Dari gambaran mengenai keadaan beberapa cabang Taman Siswa, nyatalah bahwa sekolah sebagai alat ideologi yang begitu populer di masa itu segi politiknya dihindari oleh Taman Siswa dan program kegiatannya lebih menekankan nasionalisme kebudayaan. Pada permulaan masa pendudukan Jepang, perguruan Taman Siswa mengalami perkembangan yang amat pesat, namum pada akhirnya tidak dapat dipertahankan. Oleh karena itu dengan mengelabui pemerintah Jepang, nama Taman Siswa diganti dengan nama lain. Mata pelajaran yang diberikan sama bobotnya dengan pendidikan umum.
Setelah kemerdekaan, Taman Siswa lebih meningkatkan peranannya di Indonesia.
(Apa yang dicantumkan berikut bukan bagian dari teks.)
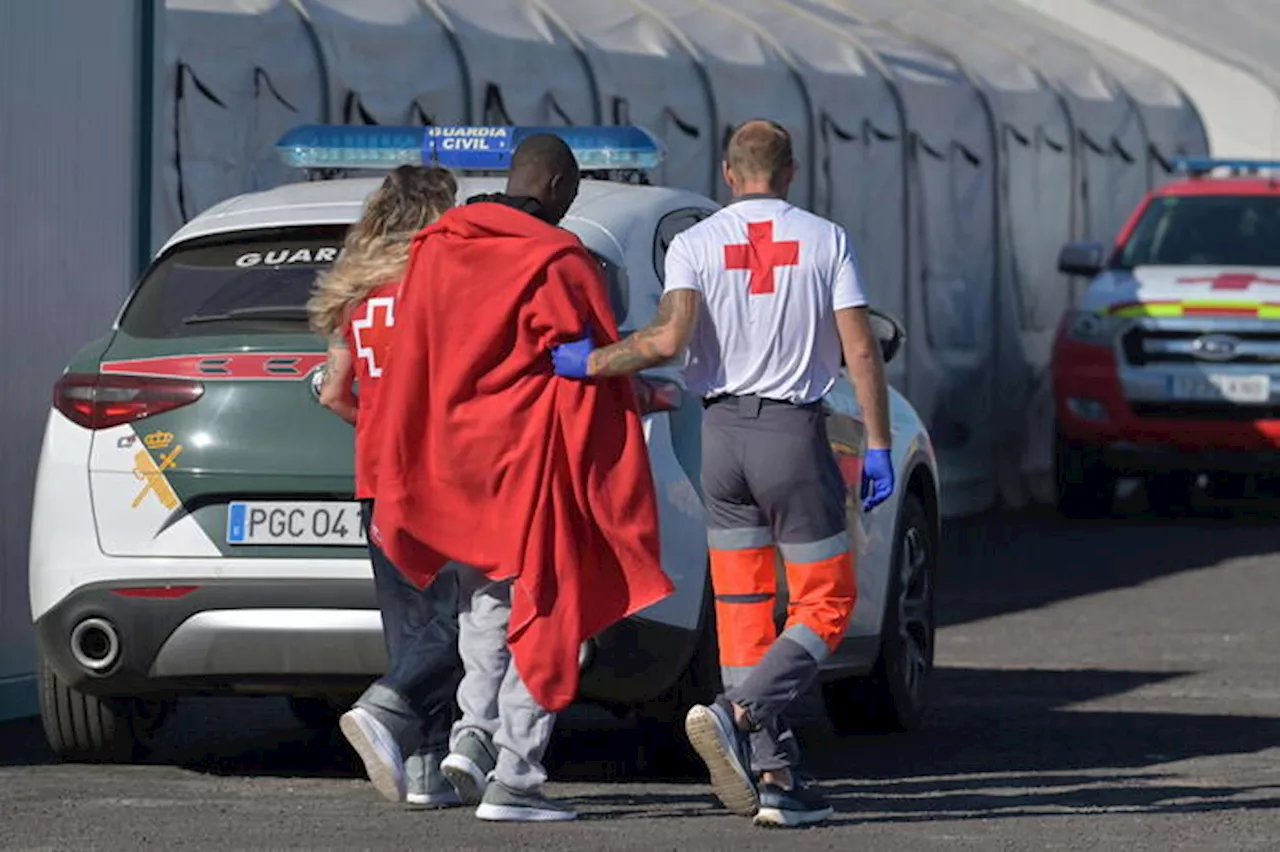 Oltre 81 migranti sbarcati alle Canarie, uno è in ospedale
Kongres Taman Siswa di tahun 1946 merumuskan kembali pernyataan asas tahun 1922. Dikemukakan Panca Dharma sebagai dasar Taman Siswa, yang berisi kemerdekaan, kodrat alam, kebangsaan, kebudayaan, dan kemanusiaan. Perguruan Taman Siswa memiliki peranan yang cukup besar terhadap perkembangan pendidikan nasional di Indonesia, yakni menanamkan semangat kebangsaan serta sikap anti penjajahan. Persoalannya sekarang adalah bagaimana menyesuaikan asas-asas yang dicetuskan dalam zaman penjajahan itu dengan kondisi sekarang.

Prinsip dasar dalam sekolah/pendidikan Taman Siswa yang menjadi pedoman bagi seorang guru dikenal sebagaiPatrap Triloka. Konsep ini dikembangkan oleh Suwardi setelah ia mempelajari sistem pendidikan progresif yang diperkenalkan oleh Maria Montessori (Italia) dan Rabindranath Tagore (India/Benggala). Patrap Triloka memiliki unsur-unsur (dalam bahasa Jawa) yaitu:
  • Ing ngarsa sung tuladha (yang di depan memberi teladan/contoh)
  • Ing madya mangun karsa (di tengah membangun prakarsa/semangat)
  • Tut wuri handayani (dari belakang mendukung).

Ketiga prinsip ini digabung menjadi satu ungkapan utuh: "Ing Ngarsa Sung Tuladha, Ing Madya Mangun Karsa, Tut Wuri Handayani" yang hingga saat ini masih tetap menjadi panduan dan pedoman dalam dunia pendidikan di Indonesia.